Behalve dat consumenten meer betalen dan nodig is en producten van lagere kwaliteit kopen dan beschikbaar, kunnen werknemers in de verkeerde banen belanden en kunnen de kosten van de producent hoger zijn en de inkomsten lager dan mogelijk vanwege een falende informatie.

Het falen van informatie kan op verschillende manieren optreden. Er is mogelijk een gebrek aan informatie of onnauwkeurige informatie. Er kan ook asymmetrische informatie zijn die zich voordoet wanneer consumenten en leveranciers geen gelijke toegang tot informatie hebben. Bijvoorbeeld, als een automonteur een automobilist vertelt dat zijn of haar auto een dure reparatie nodig heeft; de automobilist kan de technische kennis missen om het advies in vraag te stellen.

Publieke goederen:

De mate van marktfalen is groter in het geval van collectieve goederen dan verdienende goederen en goederen met waardevermindering. Hoewel er te weinig verdiensten zijn en er te veel schadelijke goederen worden geproduceerd als ze aan de markt worden overgelaten, worden er geen openbare goederen gemaakt.

Particuliere bedrijven hebben geen enkele reden om producten te maken waar ze niet voor kunnen betalen. Het is niet mogelijk om niet-betalers uit te sluiten van het genieten van de voordelen van producten zoals defensie. Als deze publieke goederen voor sommige mensen zijn bedoeld, kunnen anderen ze consumeren zonder daarvoor te betalen.

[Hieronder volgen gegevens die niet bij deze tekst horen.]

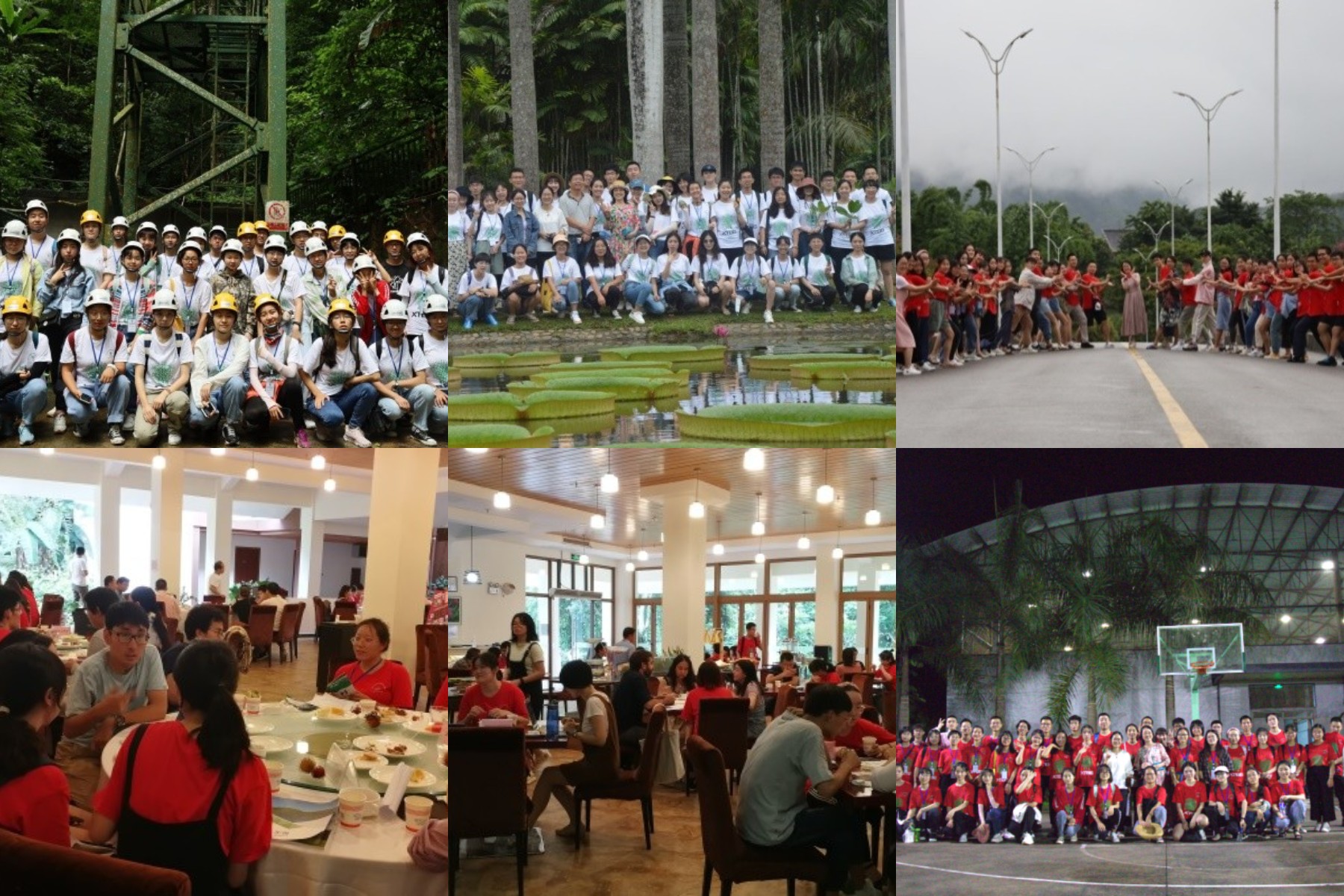 XTBG Excellent University Students Summer Camp 2020 completed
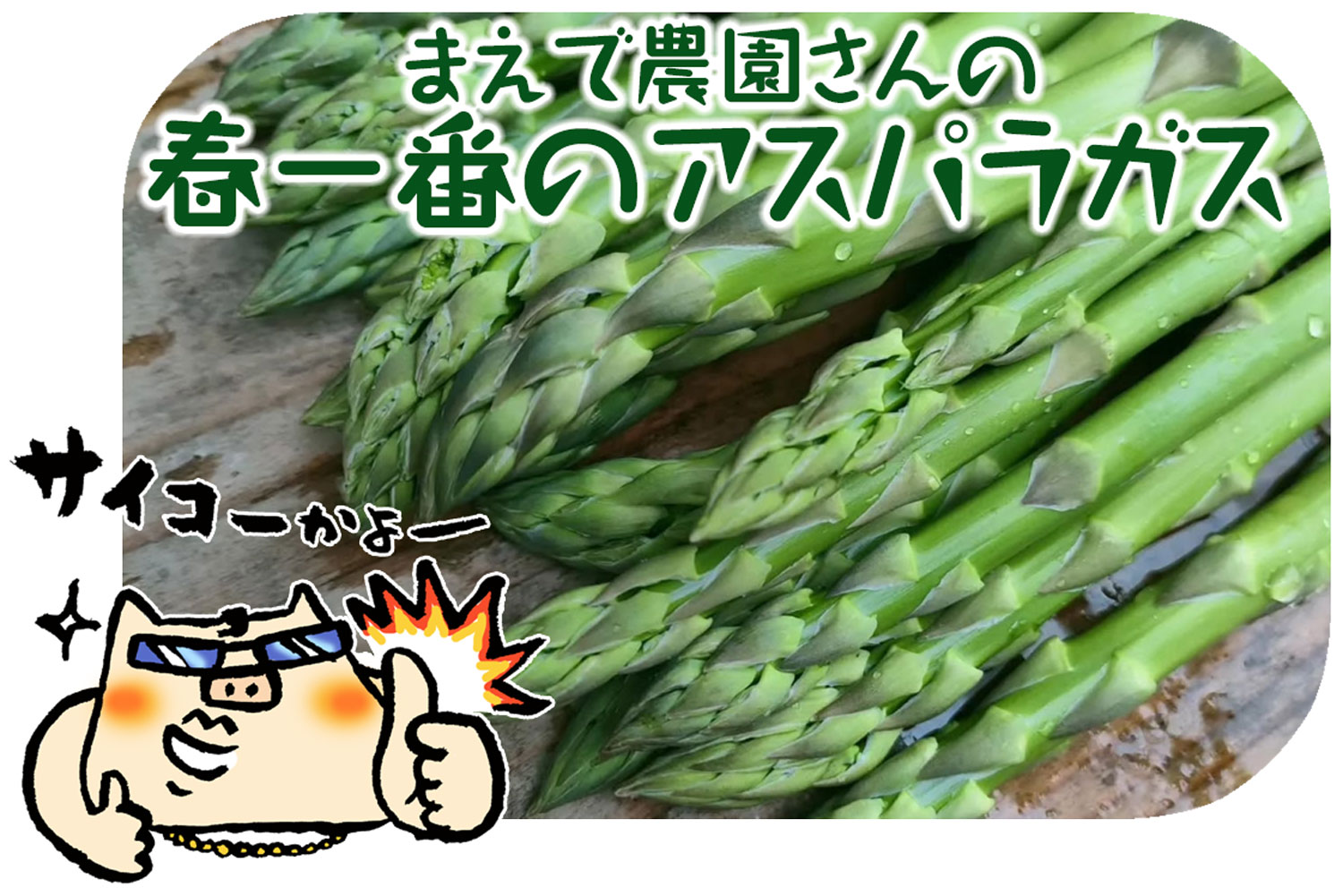 まえで農園さんの春アスパラガス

Degenen die op deze manier wel voordeel hebben, worden free riders genoemd. Als bijvoorbeeld een waterkerend systeem wordt gebouwd om een ​​kustplaats te beschermen, zouden alle huizen in het gebied worden beschermd, ongeacht of hun eigenaren bereid zijn ervoor te betalen of niet.

Naast niet-uitsluitbaarheid hebben publieke goederen een ander kenmerk. Dit is geen rivaliteit. Dit betekent dat consumptie van het product door een persoon niet het vermogen van iemand anders om het te consumeren vermindert. Bijvoorbeeld, een extra persoon die door een verlichte straat loopt, vermindert niet het voordeel dat andere mensen van de straatverlichting ontvangen.

De meeste producten, waaronder verdiensten en ongeldige goederen, zijn particuliere goederen. Deze producten zijn zowel concurrerend als uitsluitbaar. In deze gevallen is het mogelijk om niet-betalers te stoppen met genieten van de producten en als een persoon een eenheid van het product gebruikt, kan iemand anders dat niet. Ik kan bijvoorbeeld een computer niet uit een winkel halen zonder ervoor te betalen en als ik het wel koop, kan niemand anders die bepaalde computer hebben.

Hoewel het basis- en voortgezet onderwijs en de gezondheidszorg in sommige landen niet rechtstreeks worden belast, zijn het toch privéproducten. Dit komt omdat ze in rekening kunnen worden gebracht, en ook omdat ze rivaliserende goederen zijn (in sommige gevallen).

Als een kind een plaats in een klas bezet of als een patiënt een ziekenhuisbed bezet, kan niemand anders deze plaatsen bezetten. Natuurlijk zijn onderwijs en gezondheidszorg voorbeelden van een speciaal soort privégoederen, dwz verdienste goederen.

Markten leveren particuliere goederen, hoewel niet noodzakelijk in de juiste hoeveelheden. Ze zullen echter geen openbare goederen leveren. Dit betekent dat publieke goederen moeten worden gefinancierd door middel van belastingen. De overheid kan ze dan zelf produceren of een privésector betalen om ze te produceren.